The bill passed the state Senate on Thursday by a vote of 16 to 11, according to local television station NBC Connecticut. The outcome sent the legislation to the desk of Lamont, a Democrat who has made no secret of his support for marijuana legalization.
But state legislators have spent weeks ironing out the legislation. NBC Connecticut reported that “House members on Wednesday stripped an amendment the Senate previously added to the cannabis legalization bill that ensured that an ‘equity applicant’ for marijuana industry licenses, who would receive preferential status, could include people living in certain geographic areas who were previously arrested or convicted for the sale, use, manufacture or cultivation of cannabis.”
The provision would have “also applied to individuals whose parent, spouse or child was arrested or convicted of the same charges. Lamont opposed such a provision, even threatening to veto the bill if it was included.
“It’s fitting that the bill legalizing the adult use of cannabis and addressing the injustices caused by the war of drugs received final passage today, on the 50-year anniversary of President Nixon declaring the war. The war on cannabis, which was at its core a war on people in Black and Brown communities, not only caused injustices and increased disparities in our state, it did little to protect public health and safety,” Lamont said in a statement, as quoted by NBC Connecticut.
He continued, “That’s why I introduced a bill and worked hard with our partners in the legislature and other stakeholders to create a comprehensive framework for a securely regulated market that prioritizes public health, public safety, social justice, and equity.
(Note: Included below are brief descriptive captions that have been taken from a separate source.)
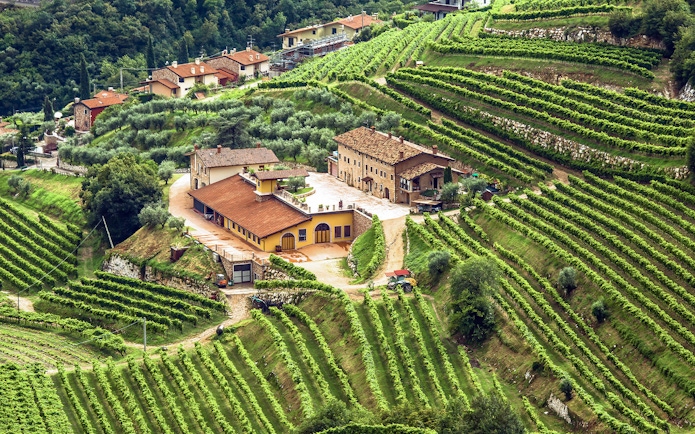 Tuscany vineyard with rustic buildings and lush green terraces.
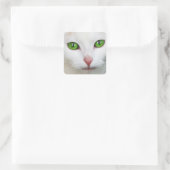 Carré Sticker Kitty "Green Eyes" (Sac)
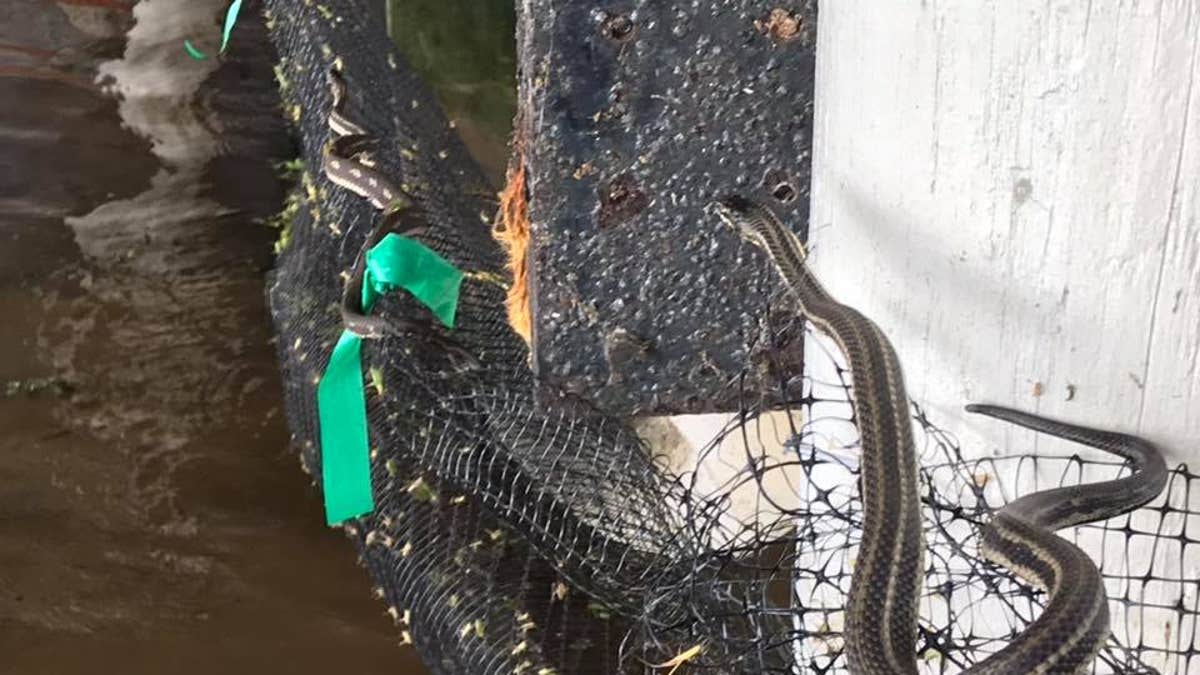 Several snakes that fire crews have come across in floodwaters from Tropical Storm Barry.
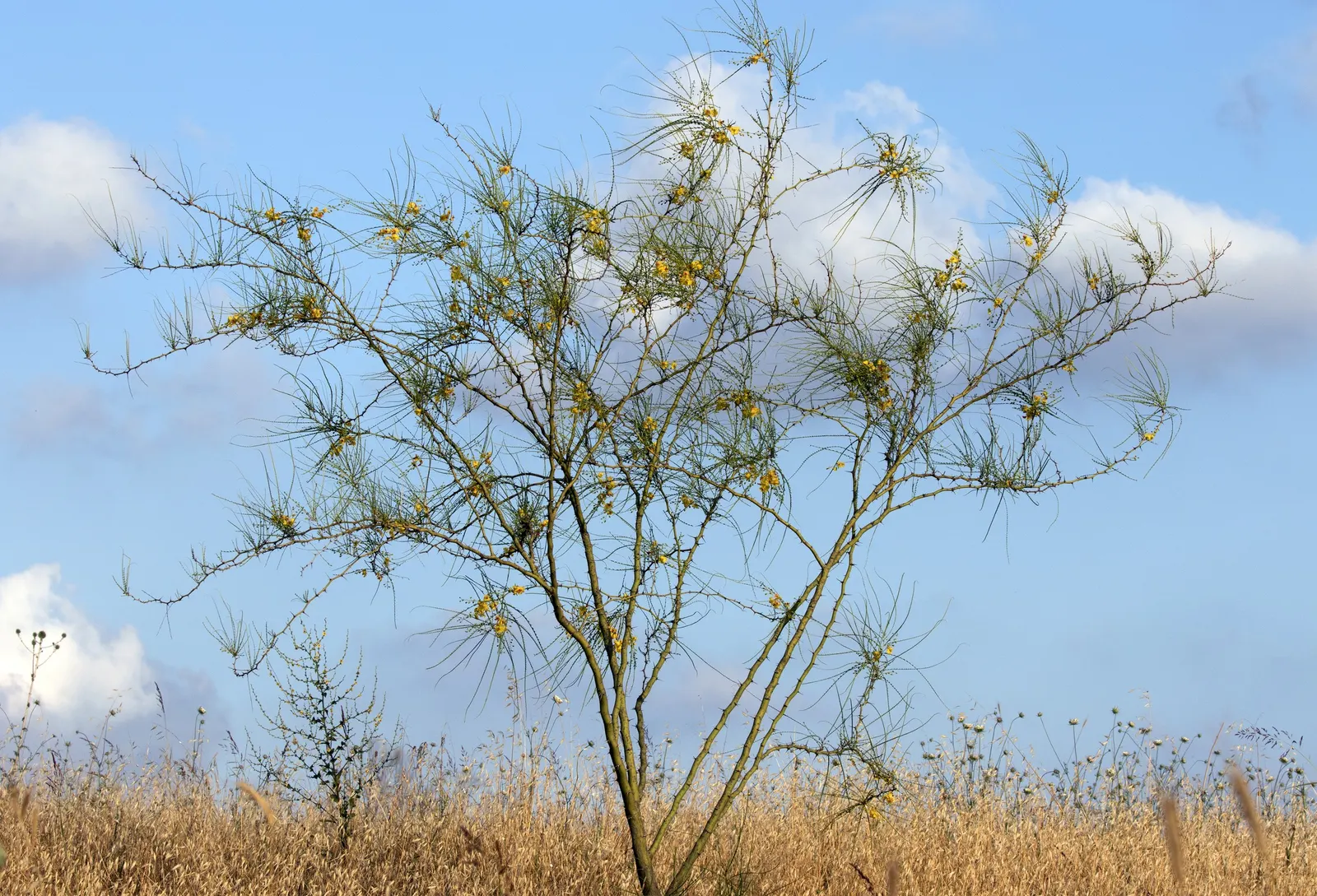 Mexican Palo Verde (Parkinsonia Aculeata) — It's a low-maintenance choice with a moderate growth rate and needs little supplemental water or pruning; mexican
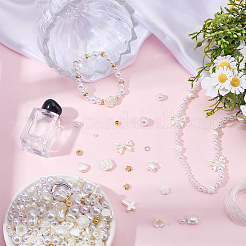 Kit di fibbie&nbsp;DIY-BM0002-11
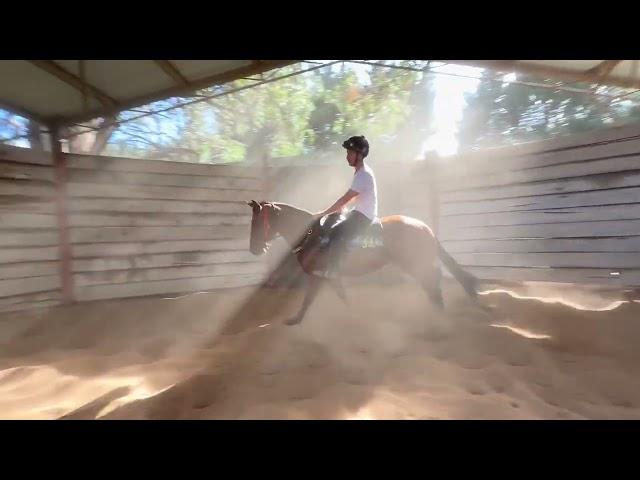 Super Seth x Wintour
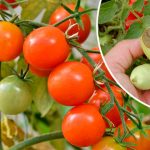 По стакану под каждый куст — и никакой гнили! Проверено годами! 15 По стакану под каждый куст — и никакой гнили! Проверено годами!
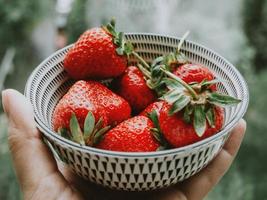 primer plano de la mano que sostiene un tazón de fresas foto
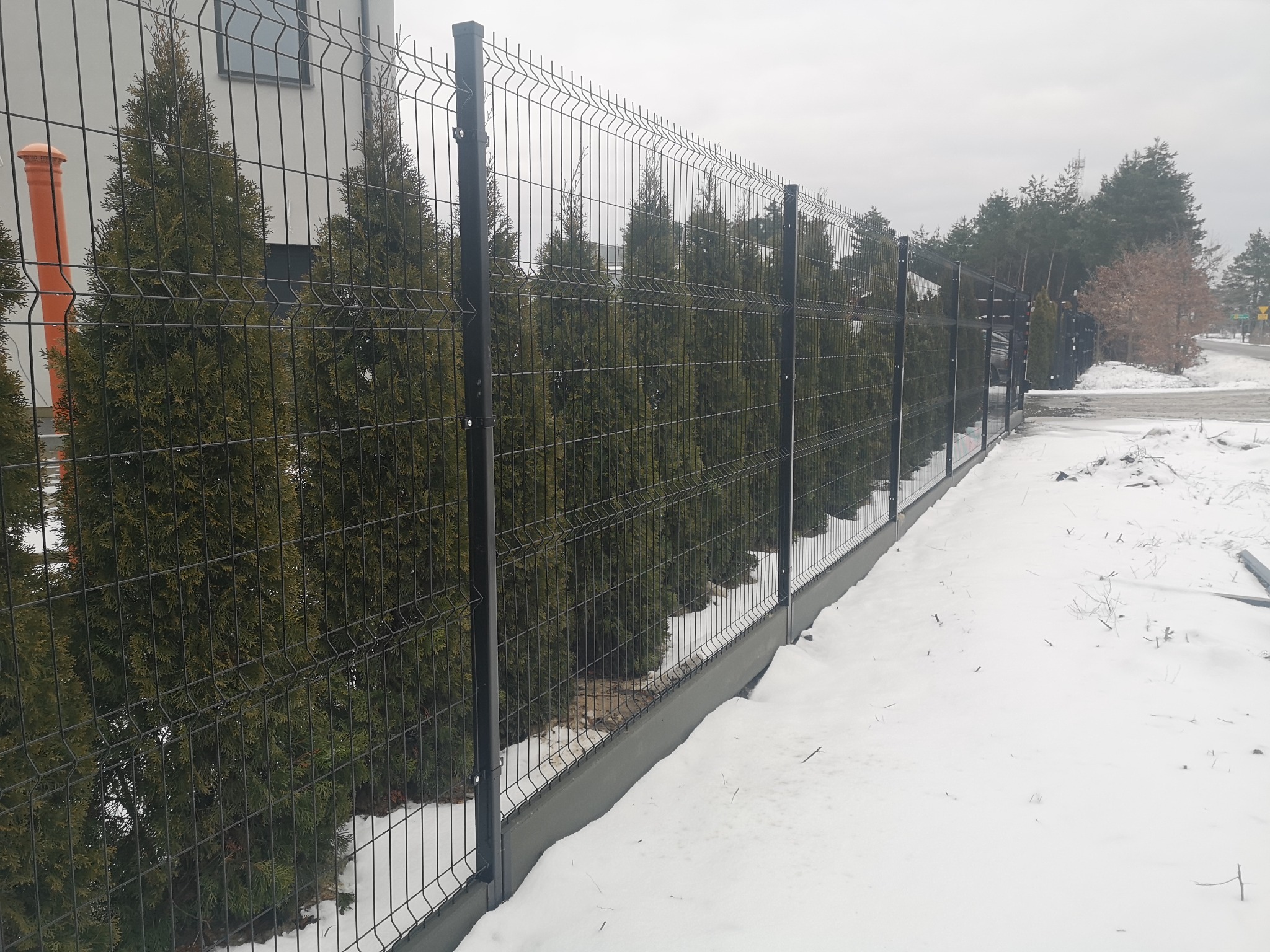 Nowoczesne ogrodzenie panelowe z ciemnego metalu, widoczne na tle rzędu zielonych tuj i zasypanego śniegiem terenu.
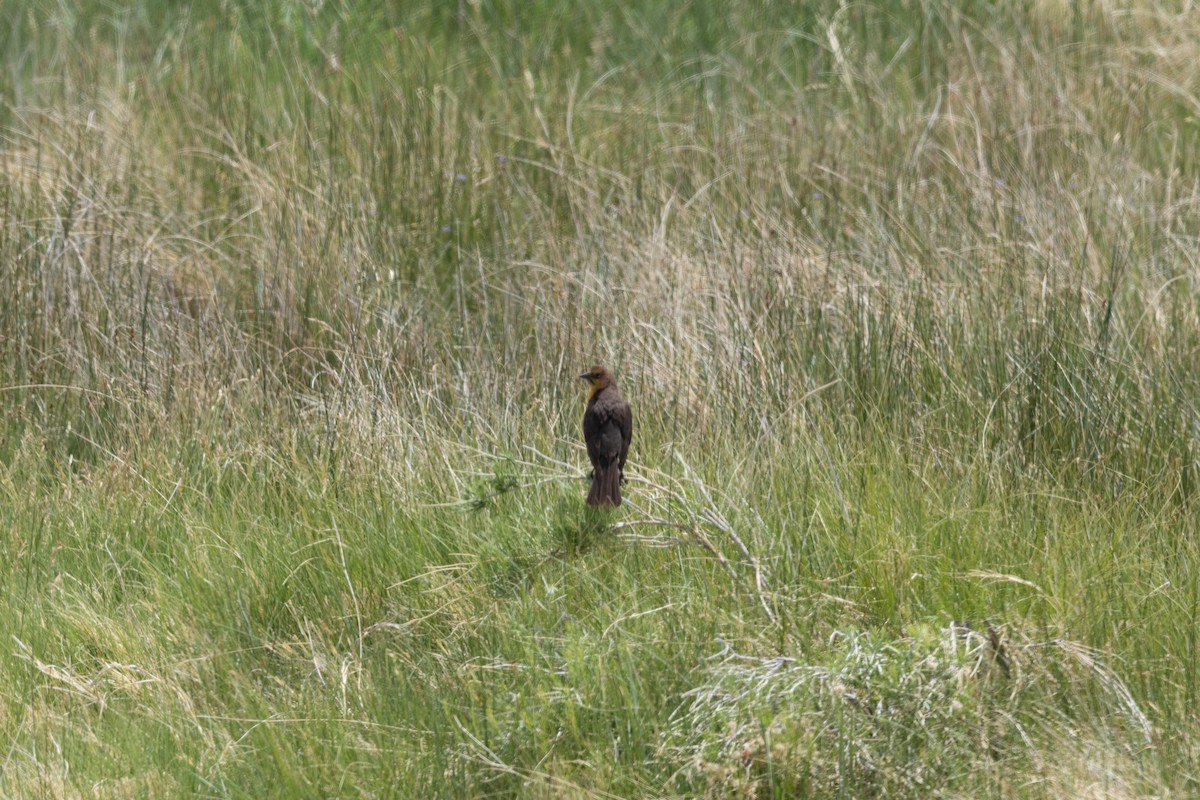 Yellow-headed Blackbird - ML637717150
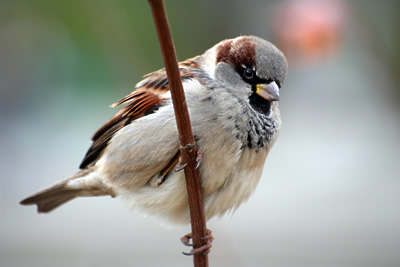 Male House Sparrow: photo © Vasil Ishmatov 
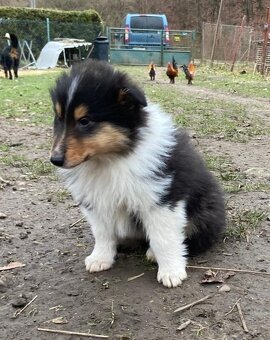 Kolia dlhosrstá - 13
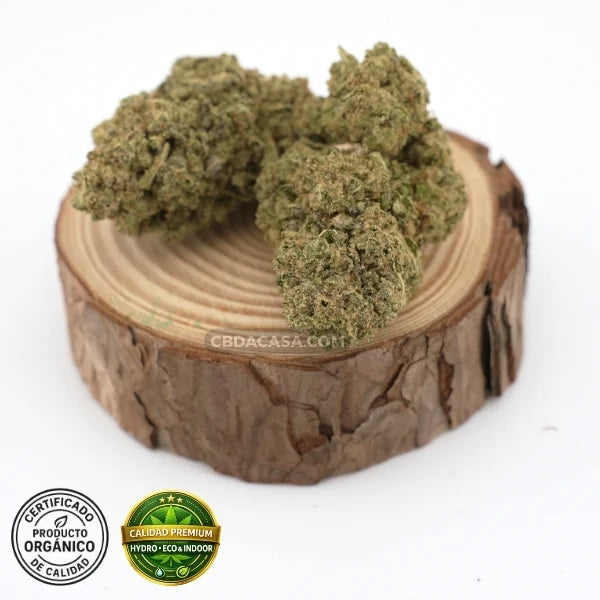 Oreo Cookies - CBD hidropónico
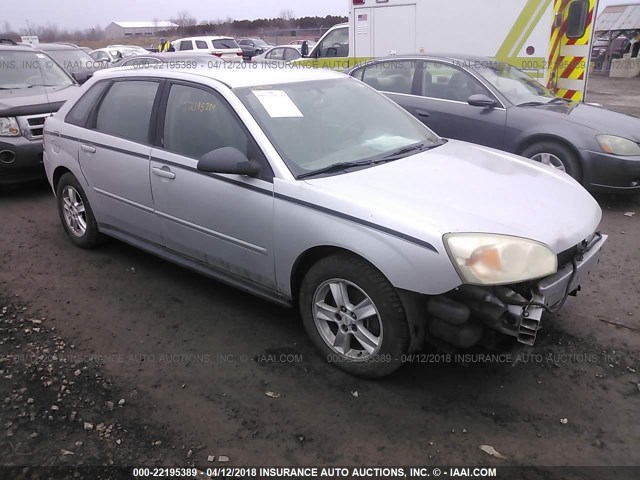 1G1ZT62895F187627 - 2005 CHEVROLET MALIBU MAXX LS SILVER photo 1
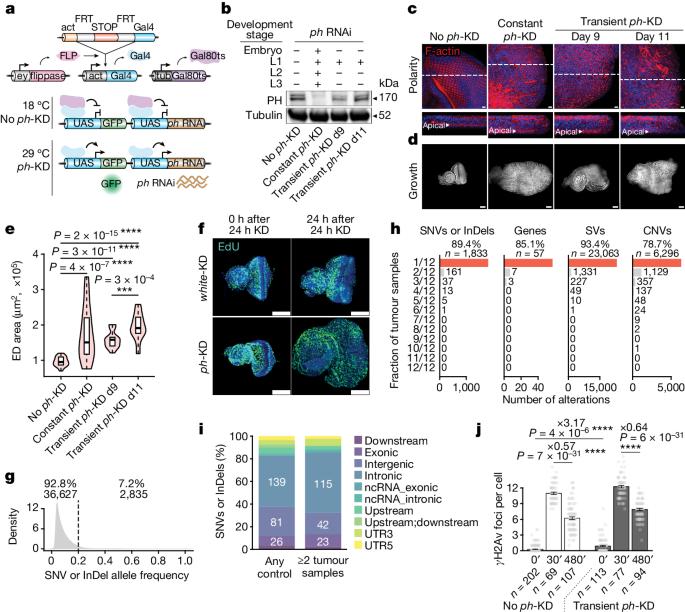 Transient loss of Polycomb components induces an epigenetic cancer fate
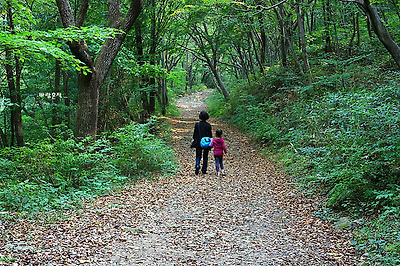 사랑과평화의샘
It will help eliminate the dangerous unregulated market and support a new, growing sector of our economy which will create jobs.”
“By allowing adults to possess cannabis, regulating its sale and content, training police officers in the latest techniques of detecting and preventing impaired driving, and expunging the criminal records of people with certain cannabis crimes, we’re not only effectively modernizing our laws and addressing inequities, we’re keeping Connecticut economically competitive with our neighboring states,” Lamont said.
The governor also shared that legalization will ultimately be a benefit to Connecticut residents, because revenue from marijuana sales will go to recovery and prevention services. He told residents that the bill will ensure public safety, protect children and those in the community who are most vulnerable.
Legalization Comes to Connecticut After Years of Trying
Lamont has advocated legalization in Connecticut for years. In 2019, he and New York Gov. Andrew Cuomo discussed a cross-state legalization policy, but that effort never really materialized, and earlier this year New York charted its own path by ending prohibition in the state.
In February, Lamont stressed the importance of forging ahead given the action being taken by Connecticut’s neighbors.
“Now our neighboring states are offering recreational marijuana on a legal and regulated basis,” Lamont said in his “State of the State” address. “Massachusetts dispensaries are advertising extensively here in Connecticut. And, rather than surrender this market to out-of-staters, or worse, to the unregulated underground market, our budget provides for the legalization of recreational marijuana.”
“Half the tax revenues should be allocated to PILOT payments, in addition to a three percent local excise tax option. And importantly, my proposed legislation authorizes the automated erasure of criminal records for those with marijuana-related drug possession, convictions, and charges,” Lamont added at the time.